The FX contract is an investment and is recognized as such , even though it may indeed help your overall balance sheet.
Am I in the left field ?
Is there more I can do for you ?
See section 988. I borrowed at one exchange rate and will repay/refinance at another. The difference between the US dollar value of the loan at inception and the usd value of the loan at repayment or refinance is a fx gain or loss under 988.

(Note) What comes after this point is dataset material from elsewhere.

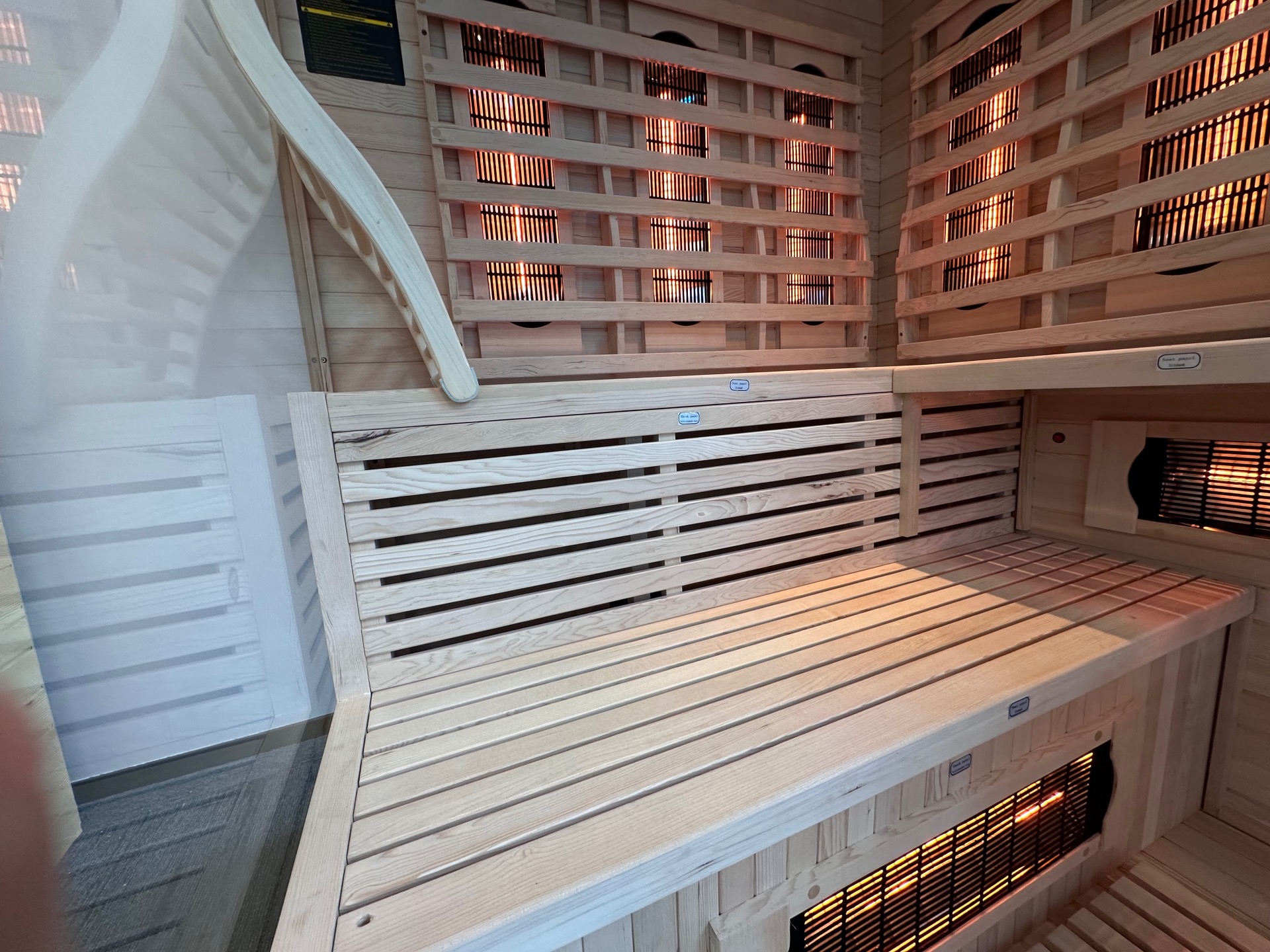 Combi Sauna Hemlock | 150x150 | 3.5kW Vega | RYZVG galerijafbeelding 5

@MarkLondon , yes I have gone through section 988 and related areas. My opinion still is (a) you are taking on a debt not a debt instrument, this is your residence and not an investment ( it may work out to be ), for US tax purposes your functional currency is UKL ( and converted to US$ for recognition purposes). There is not gain in your functional currency by reducing your deductions for US tax purposes. In my view how is this any different from your original home loan at say 5% and later say refinanced at 3% in the USA ---- none. If I assume that your functional currency is your tax home currency, then again a similar situation would produce no taxable income ( because it is deduction only under USA mortgage interest deduction.).
Of course , if you do disagree and actually recognize the FX gain and pay taxes on this per section 988 and follow-on sections, IRS would be too happy without question.
On the forward hedging contract , it is different matter and yes section 988 recognition should apply.
It is your choice but my humble opinion to take the simplest interpretation still stand.